# What is being asked
Could you copy out all of the records below exactly, leaving out every picture?

# Input
--- START ---

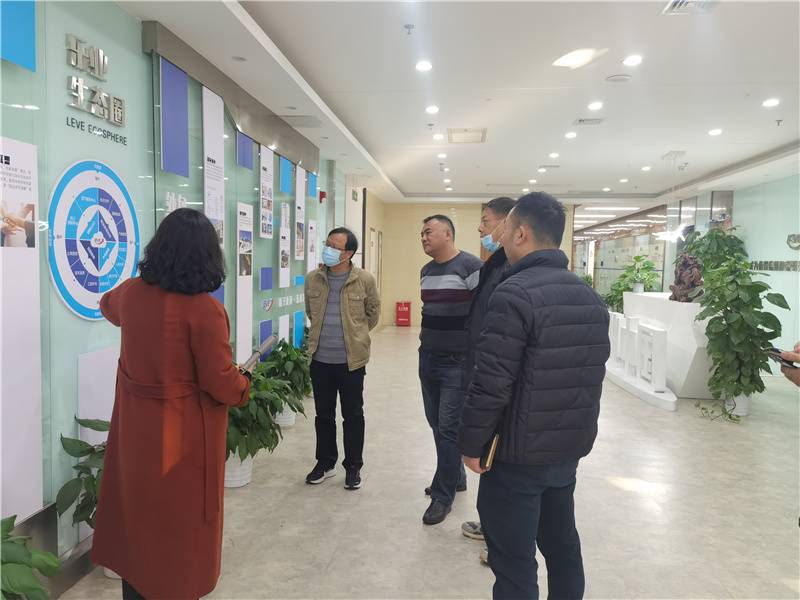 857abb21105e4d648d******1544747cd.jpg 857abb21105e4d648d******1544747cd.jpg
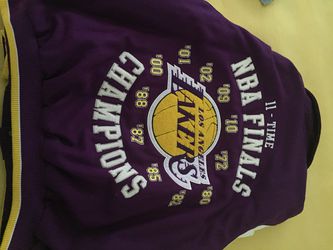 Vintage LA Lakers NBA 2XL Jacket Kobe,Shaq,and Magic Championship  Purple/Gold G-lll for Sale in Lancaster, CA - OfferUp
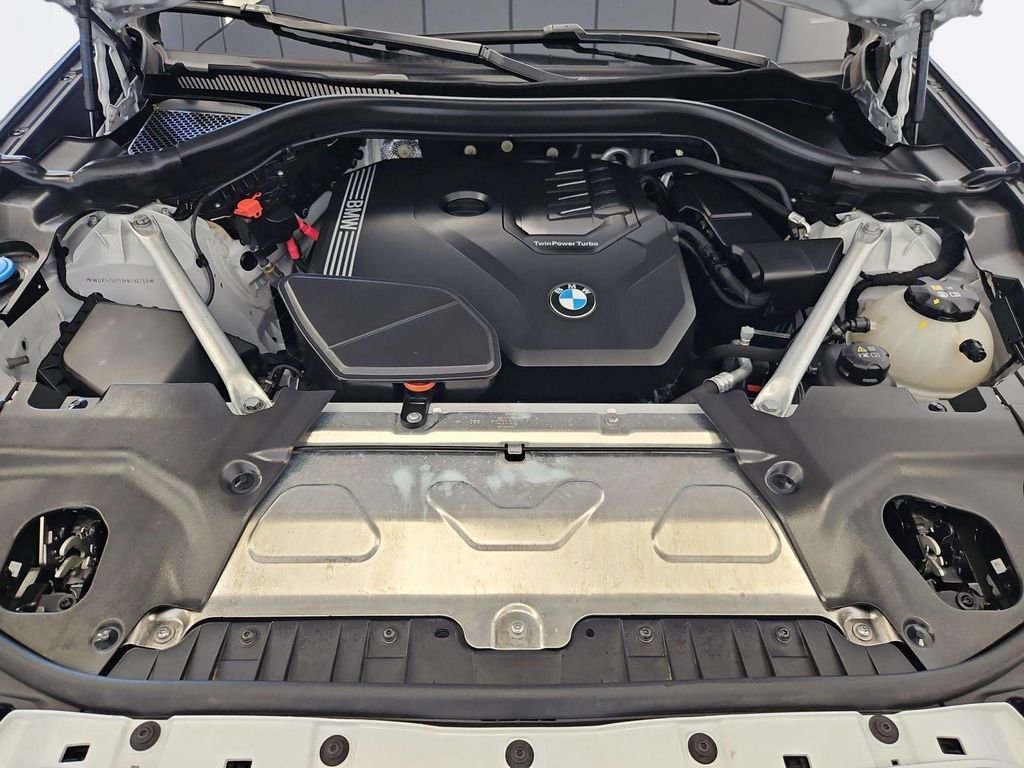 Used 2024 Mineral White Metallic BMW xDrive30i image 30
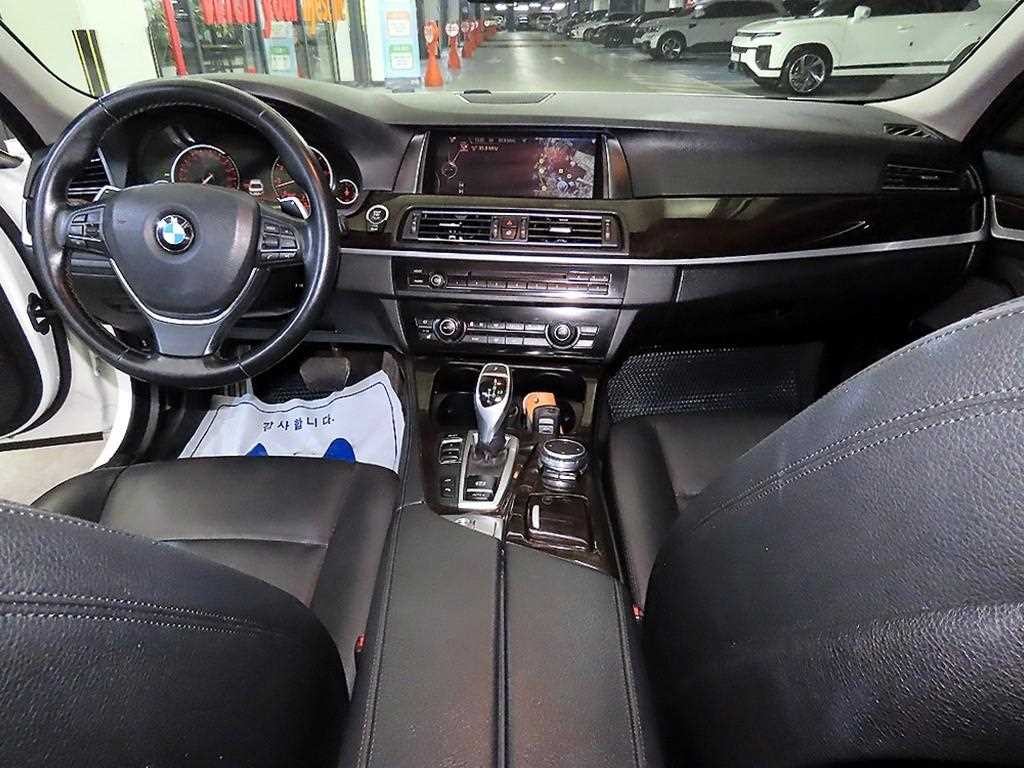 BMW 5시리즈 5시리즈 (F10) 528i 이미지 10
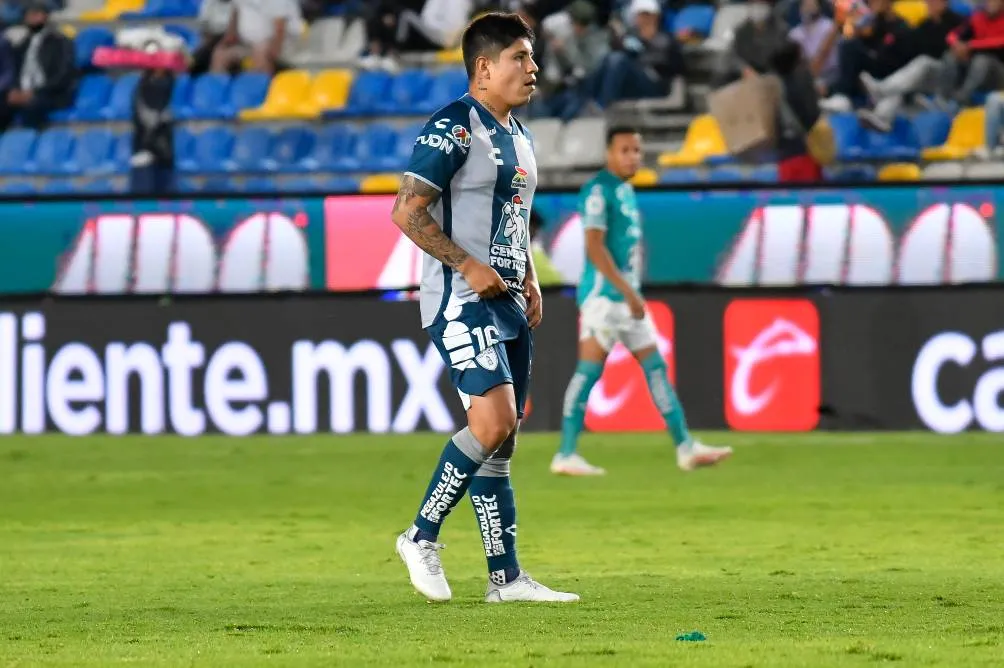 Chofis López debutó con Pachuca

--- END ---

# Result of the task
 857abb21105e4d648d******1544747cd.jpg 857abb21105e4d648d******1544747cd.jpg
 Vintage LA Lakers NBA 2XL Jacket Kobe,Shaq,and Magic Championship  Purple/Gold G-lll for Sale in Lancaster, CA - OfferUp
 Used 2024 Mineral White Metallic BMW xDrive30i image 30
 BMW 5시리즈 5시리즈 (F10) 528i 이미지 10
 Chofis López debutó con Pachuca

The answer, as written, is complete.